Um estudo de impacto internacional, publicado nesta semana na revista científica Sustainability, com sede na Suíça, revelou que o estado do Amapá, no extremo norte do Brasil, abriga os maiores estoques de biomassa por hectare da Bacia Amazônica. A pesquisa, inédita em escopo e precisão, representa um marco nos estudos sobre a vegetação amazônica e destaca o papel estratégico do Amapá na luta global contra a crise climática.

biomassa

Dados

Segundo os dados, as florestas amapaenses armazenam uma média de 537 toneladas de biomassa por hectare, o maior índice já registrado em toda a extensão da Amazônia. Para efeito de comparação, essa quantidade supera em mais de 120% a média geral da região, que é de aproximadamente 243 toneladas por hectare. Além disso, a pesquisa mostra que cerca de 48,5% dessa biomassa é constituída por carbono, o que equivale a 260 toneladas de carbono por hectare, o maior índice de densidade de carbono da Amazônia, ultrapassando em 124% a média regional, que é de 116 toneladas por hectare.

Screenshot-2025-06-16-120104-1 Amapá surge como maior reservatório de biomassa da Amazônia, revela estudo internacional

Metodologia científica

A pesquisa foi coordenada pelo doutor José Julio de Toledo, do Departamento de Ciências Ambientais da Universidade Federal do Amapá (Unifap), e contou com a colaboração de mais 11 especialistas de instituições como o Instituto Nacional de Pesquisas da Amazônia (Inpa), a Universidade Estadual de Roraima (UERR), a Universidade Federal do Oeste do Pará (Ufopa), a Embrapa Amapá e a Universidade do Estado do Amapá (Ueap).

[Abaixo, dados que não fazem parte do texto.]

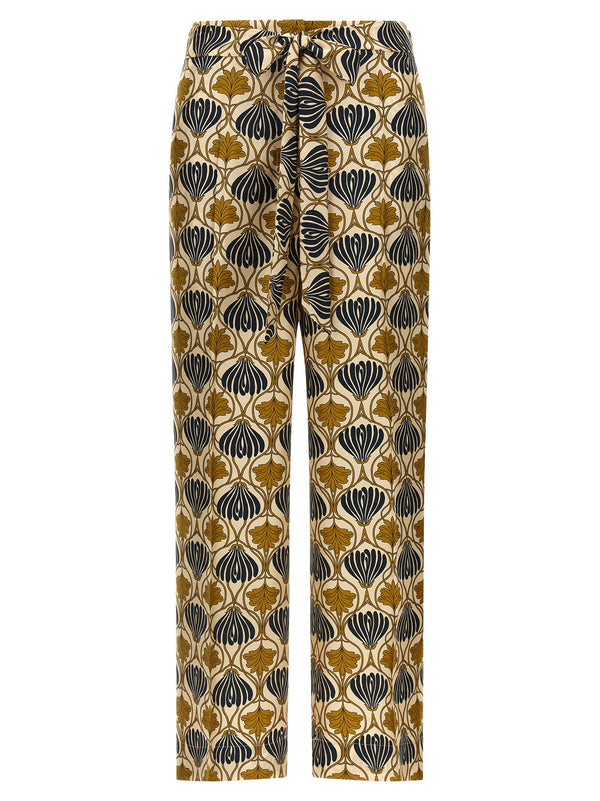 Max Mara Timec Pants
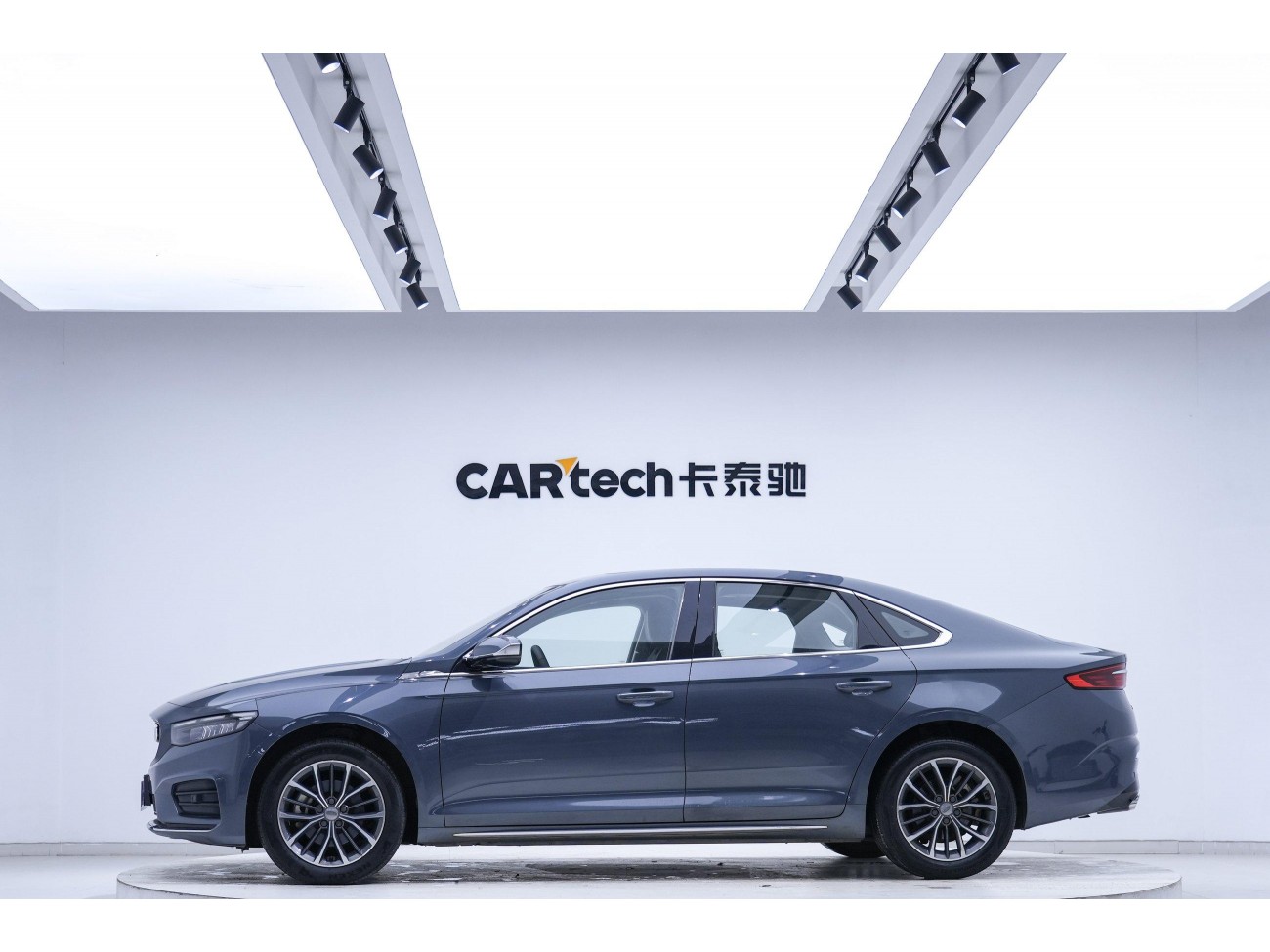 Geely 2021 2021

Os cientistas utilizaram uma abordagem inovadora, combinando levantamentos florísticos de campo com técnicas avançadas de modelagem espacial. Foram analisados dados obtidos por sensoriamento remoto, imagens de satélite, medições diretas de biomassa e algoritmos de geoprocessamento. A integração dessas ferramentas permitiu a construção de um mapa de biomassa em alta resolução, cobrindo diferentes tipos de vegetação do estado.

O estudo identificou que as áreas mais produtivas em termos de acúmulo de biomassa estão localizadas em florestas de terras baixas não inundáveis, seguidas pelas florestas submontana (em encostas e sopés de montanhas) e pelas florestas de várzea, sujeitas a inundações periódicas. As áreas de destaque incluem o Platô das Guianas, no norte do estado, e o Vale do Jari, no sul, onde árvores gigantes como angelins e maçarandubas atingem alturas superiores a 50 metros.

Implicações ambientais

O acúmulo de biomassa em florestas tropicais é um fator crucial no equilíbrio do clima global, pois representa um poderoso mecanismo natural de sequestro de carbono. Ao reter grandes quantidades de CO₂ atmosférico, essas florestas ajudam a mitigar os efeitos das emissões de gases do efeito estufa. Nesse contexto, o Amapá surge como um verdadeiro sumidouro de carbono — uma reserva natural com potencial de influenciar positivamente o balanço climático do planeta.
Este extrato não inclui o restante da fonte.